Kumail Nanjiani and Emily V. Gordon’s ‘Little America’ Renewed for Season 2 on Apple TV+

The upcoming series will tell relatable stories about immigrants who hail from a wide variety of places.
"Little America"
"Little America"

Apple has renewed Kumail Nanjiani and Emily V. Gordon’s “Little America” for a second season ahead of its Season 1 premiere on January 17, 2020.

The upcoming Apple TV+ series is inspired by the true stories of American immigrants featured in Epic Magazine and focuses on the “little” but profound stories that Americans typically don’t have opportunities to read about in the media. Apple will release all Season 1 episodes at once.

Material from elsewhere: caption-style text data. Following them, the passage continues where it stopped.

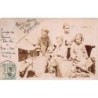 Rare collectable postcards of Vietnam. Vintage Postcards of Vietnam
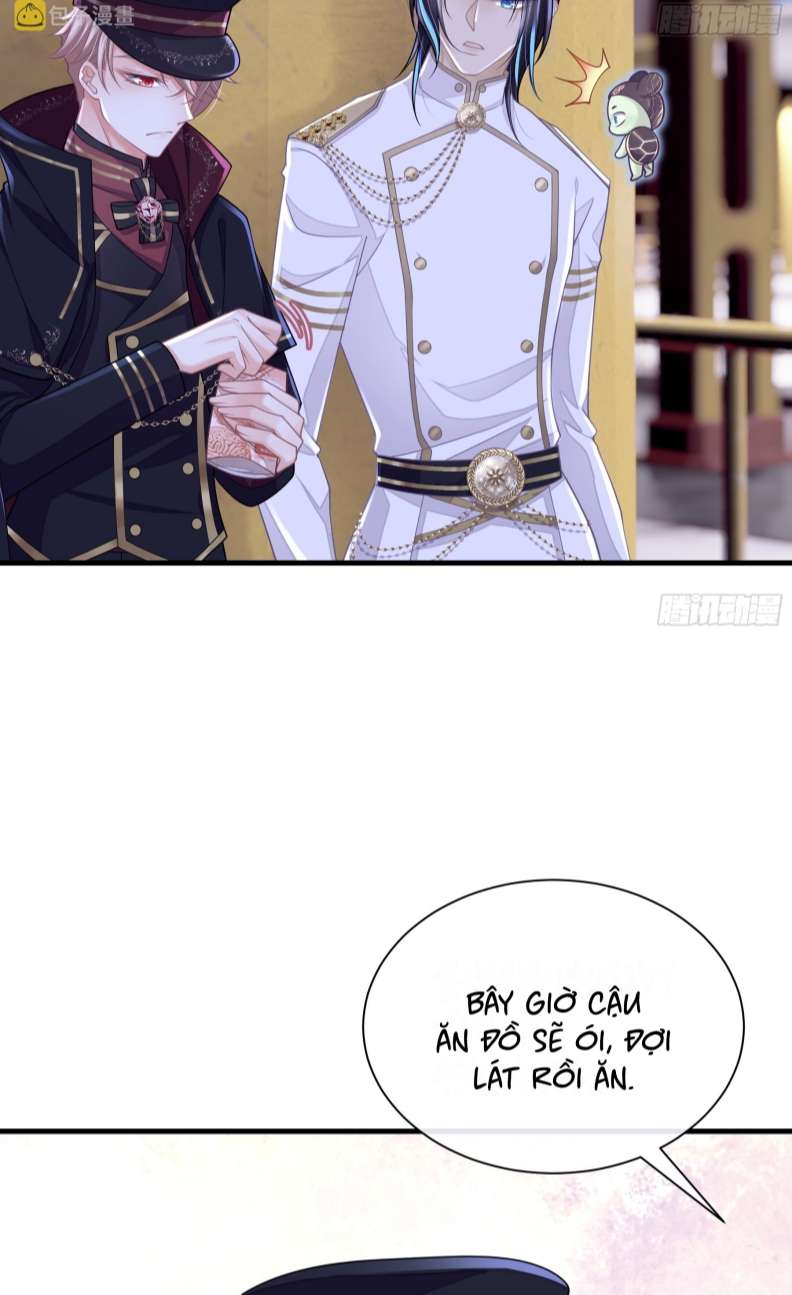 Tôi Nghi Ngờ Hệ Thống Thích Tôi Chapter 65 - Trang 3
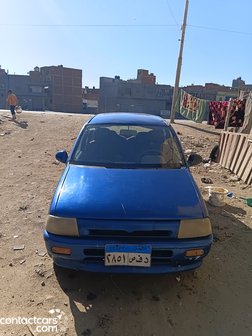 سوزوكي ألتو 2006 مستعملة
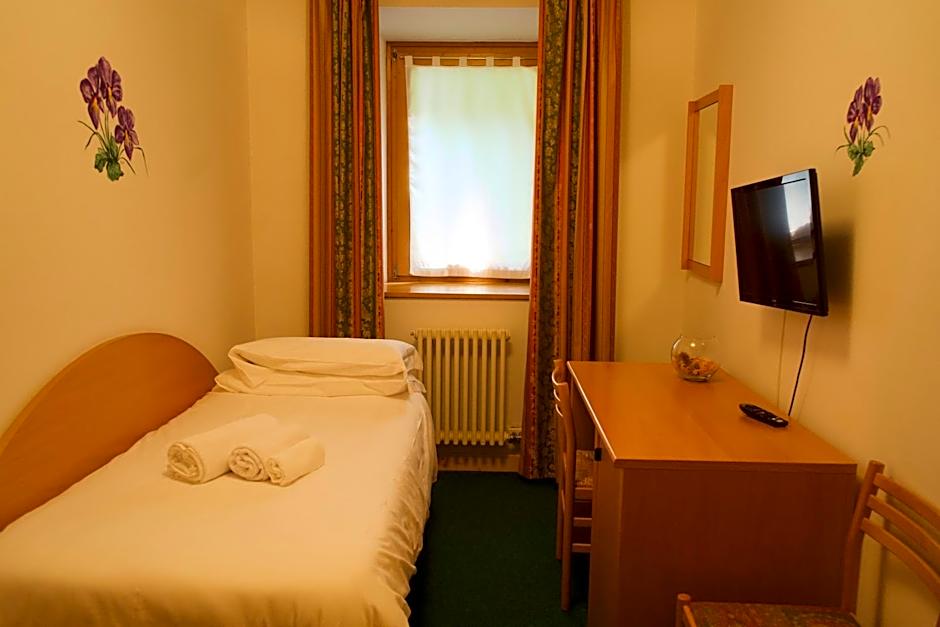 HOTEL TERME di RABBI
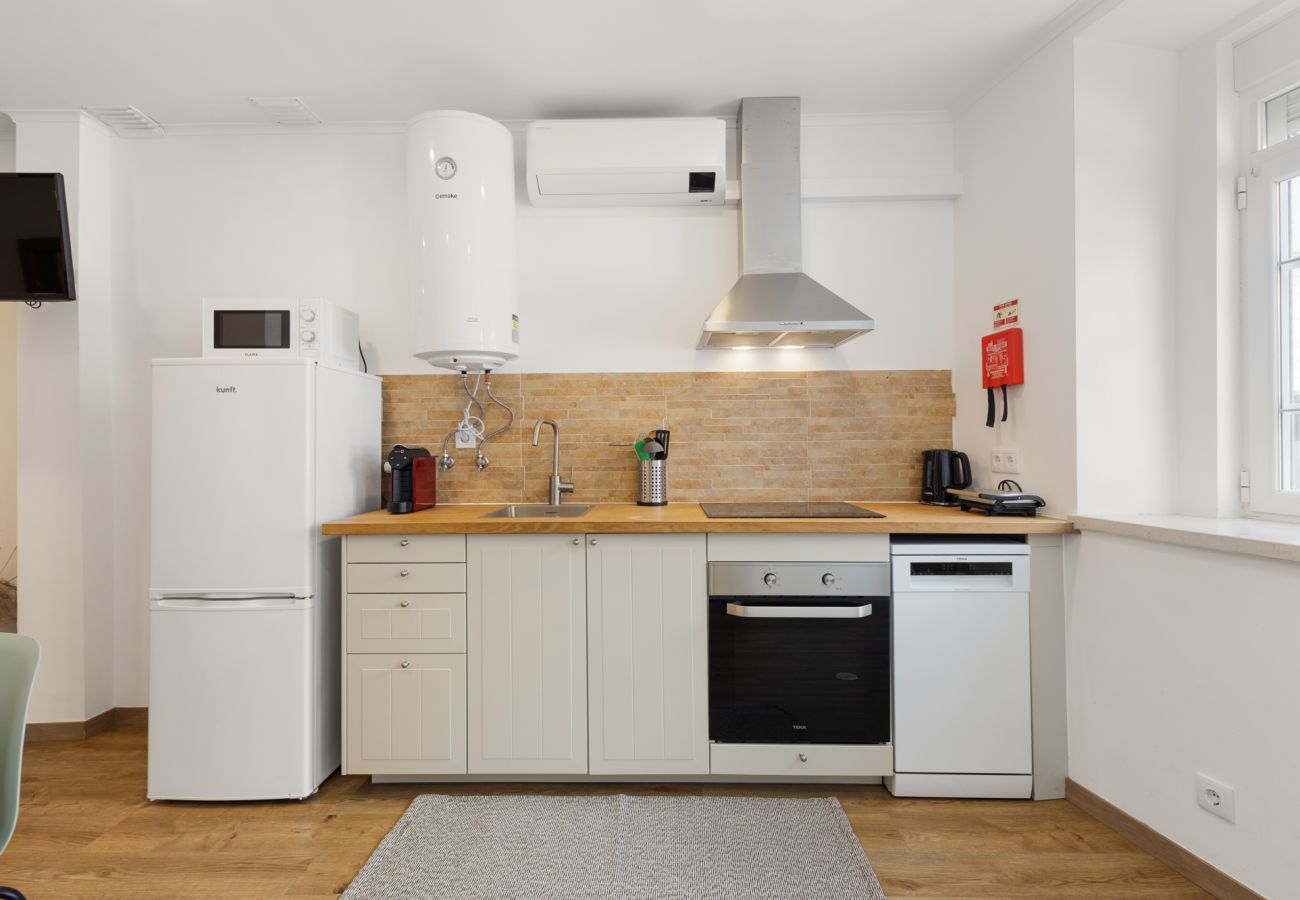 Apartamento en Peniche - Best Houses 77 - Best Village I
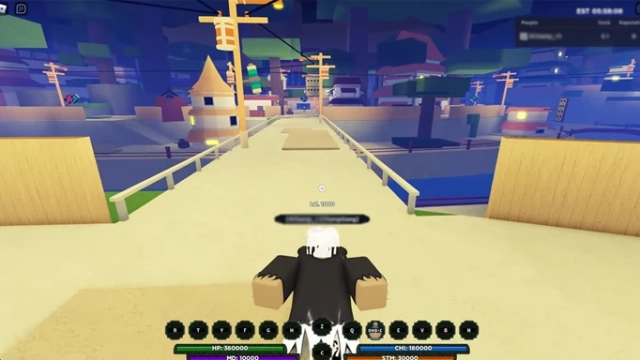 Roblox Shinobi Life 2 Kagoku Private Server Codes: Unveil Hidden Powers - November 2023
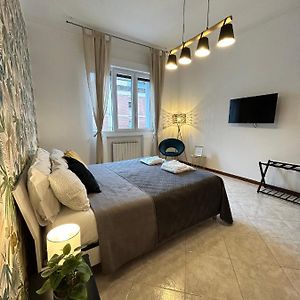 La Dotta Apartments - Via Guglielmo Marconi 24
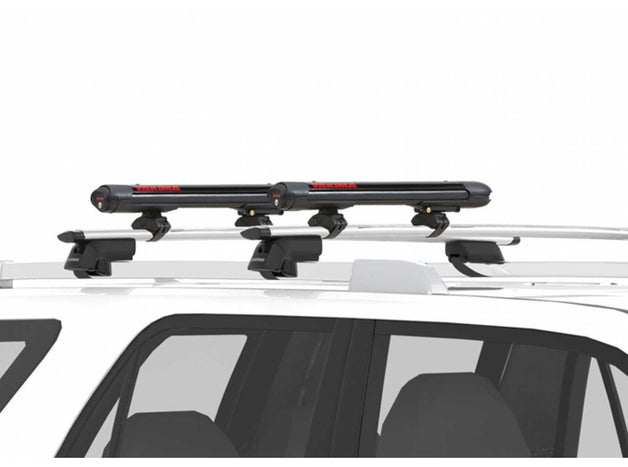Roof Snow Racks – Yakima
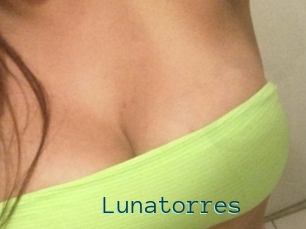 Lunatorres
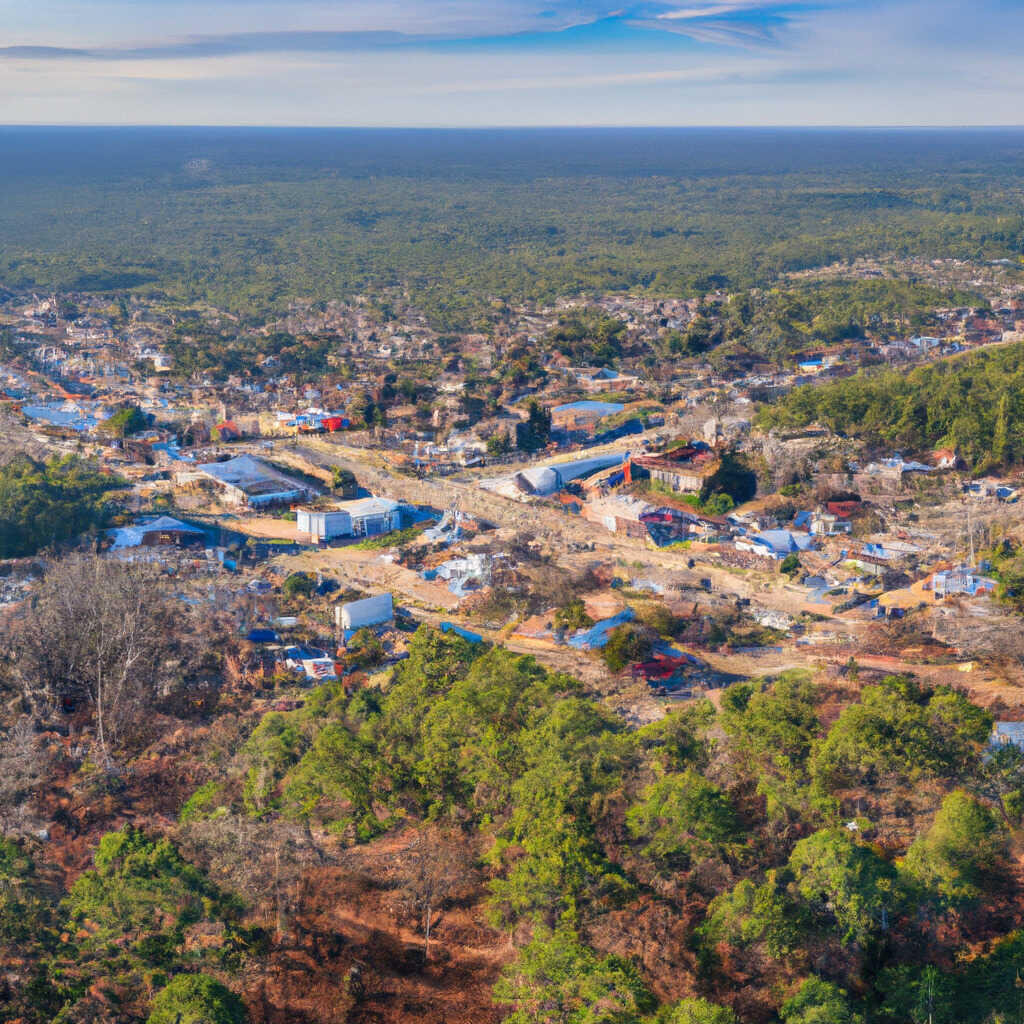 Dustys Grid, Demorest News, Crime, Lost Pets, Free Stuff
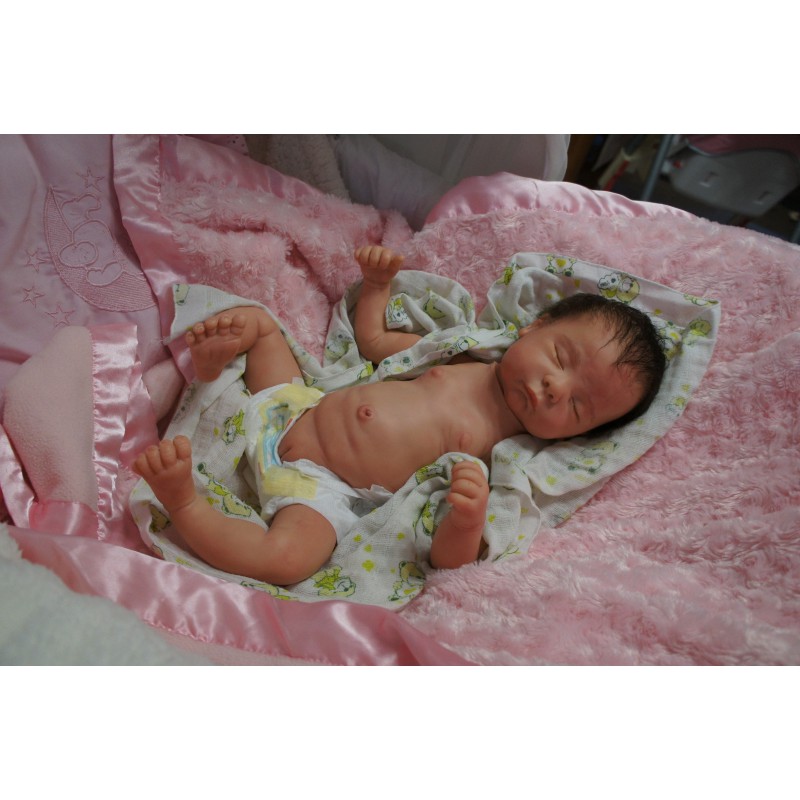 Maria - Andi´s Schwester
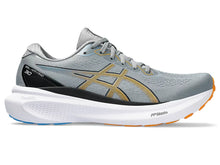 ASICS Gel Kayano 30 (Sheet Rock/Fellow Yellow) - Men's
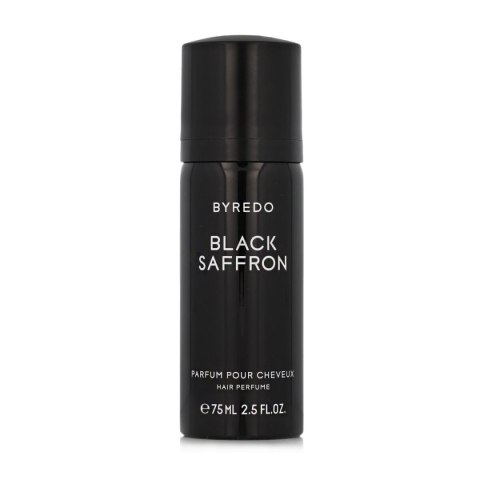 Perfumy do Włosów Byredo Black Saffron 75 ml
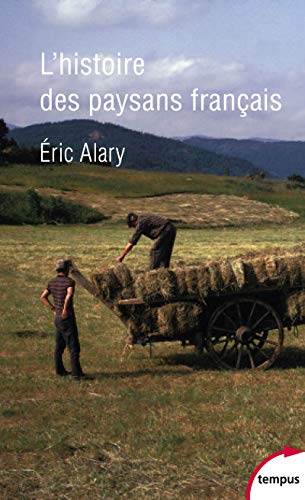 L'histoire des paysans français von TEMPUS PERRIN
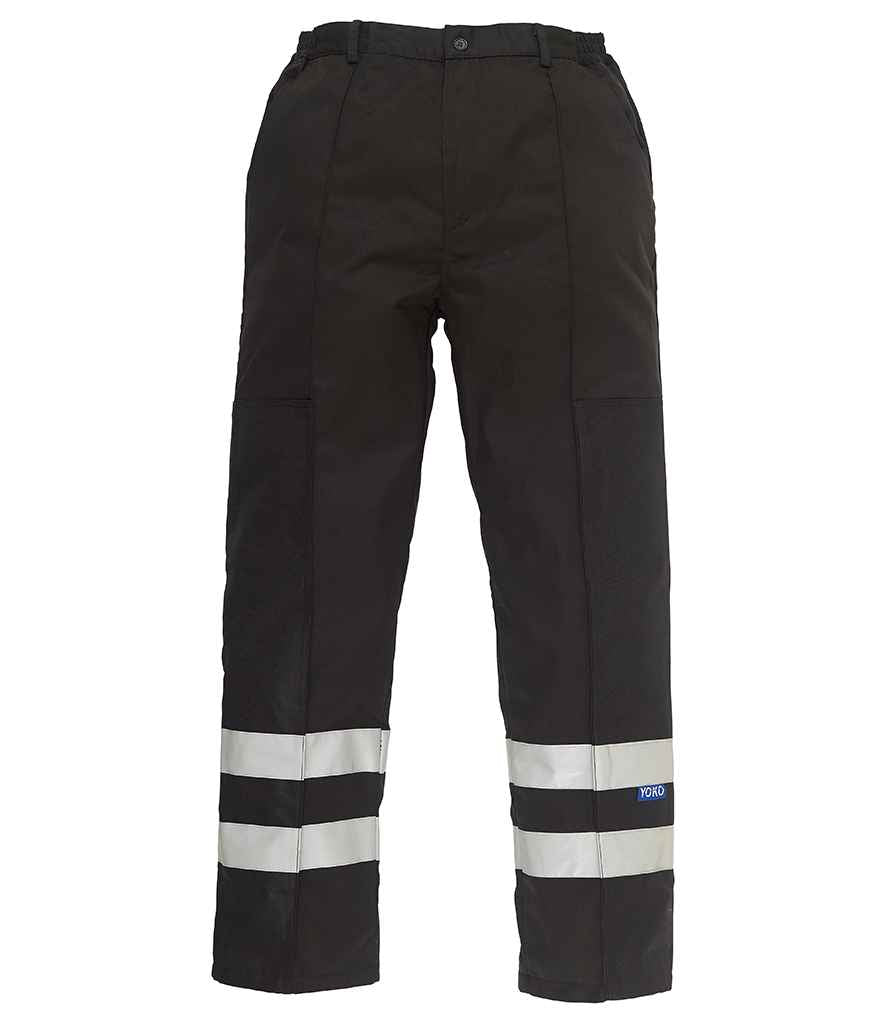 YK302 BLK 42/L
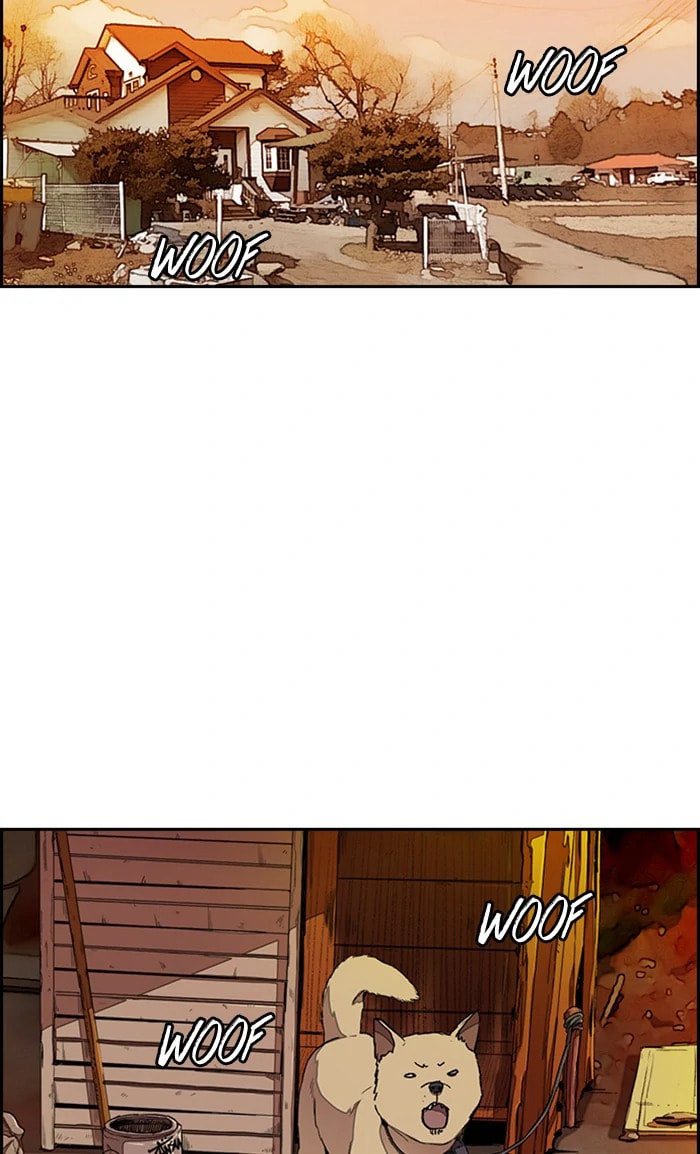Wind Breaker, chapter 290, image 16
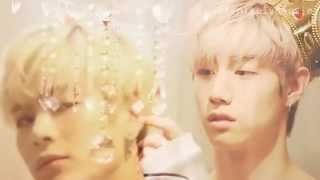 [FMV] Mine│ #MARKSON #JARK ( Requested By YoursFaithfullyCass117 )
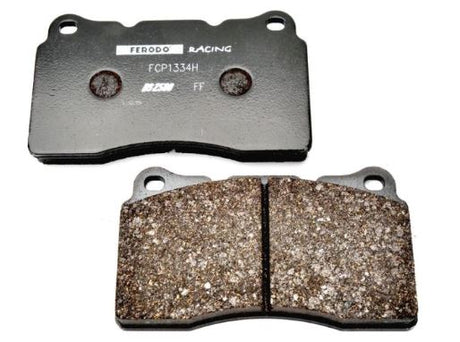 Ferodo DS2500 01+ STI Bremsbelagssatz - Vorne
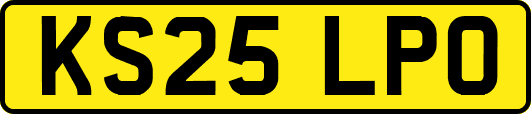 KS25LPO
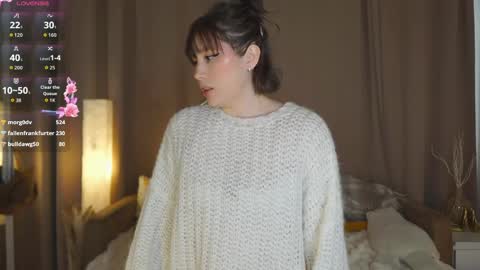 Nanami online show from March 2026 06:35:02 AM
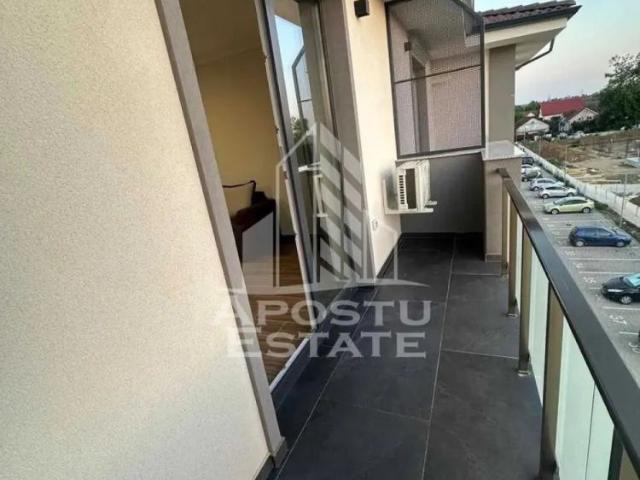 Apartament cu 1 camera de inchiriat, Giroc, Timis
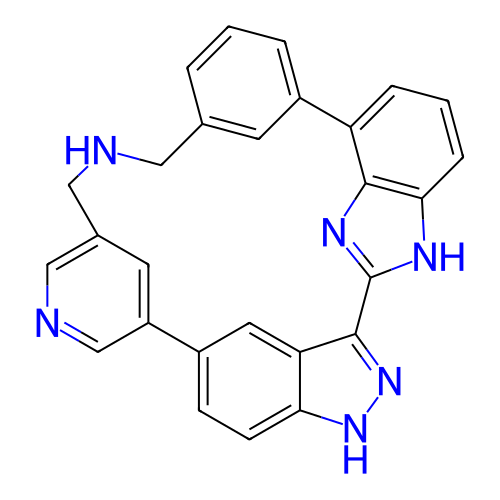 Chemical structure of BindingDB Monomer ID 459188
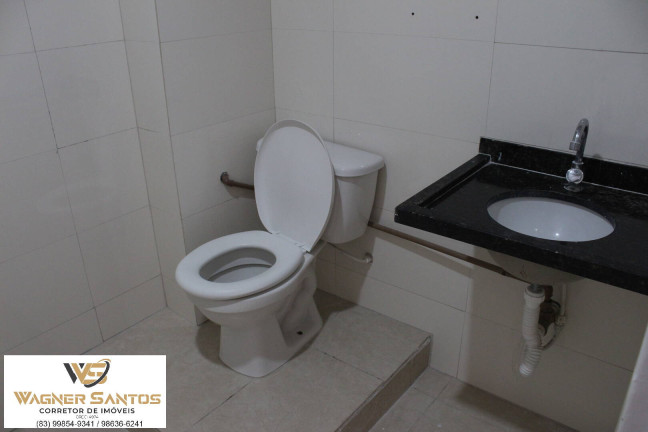 Imagem Sala Comercial à Venda, 64 m² em Intermares - Cabedelo Imagem Sala Comercial à Venda, 64 m² em Intermares - Cabedelo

“’Little America’ episodes are meant to evoke emotions that are as unique as each immigrant’s experience in this country,” executive producers Gordon and Nanjiani said in a statement. “We’re so happy to have the opportunity to be the conduit for these stories, and to have the chance to tell more of them in a second season with Apple.”

Each half-hour episodes will feature a unique story from an immigrant whom hail from all over the world. “The Manager” episode will focus on Kabir, a 12-year-old who must learn to run a Utah motel on his own when his parents are deported to India, while “The Son” will focus on Rafiq, who escapes from his home in Syria after his father discovers he is gay and goes on the run until he finds a new home in the unlikeliest of places.

Although immigration is a prominent topic in American politics, series producer and Epic Magazine founder Joshuah Bearman said the show was designed to tell the small and relatable stories of everyday immigrants to help audiences relate to other people.

“We sent our writers and researchers around the country to find these extraordinary tales from the lives of immigrants. What we discovered is that almost everyone has a little America story. These are slices of life we all share. And it was gratifying to be able to use these small stories to take on big ideas,” executive producer and Epic Magazine founder Bearman said in a statement. “Immigration has become a political issue, but not if you just tell people’s ordinary stories. We wanted to make this show so that audiences could just get to know other people.”

The series’ other executive producers are Nanjiani (“The Big Sick, “Silicon Valley”), Gordon (“The Big Sick”), Alan Yang (“Master of None,” “Parks and Recreation”), Sian Heder (“Tallulah,” “Orange Is the New Black”), Joshua Davis (“Spare Parts”) and Arthur Spector (“The Shack”). Heder also serves as co-showrunner alongside Eisenberg.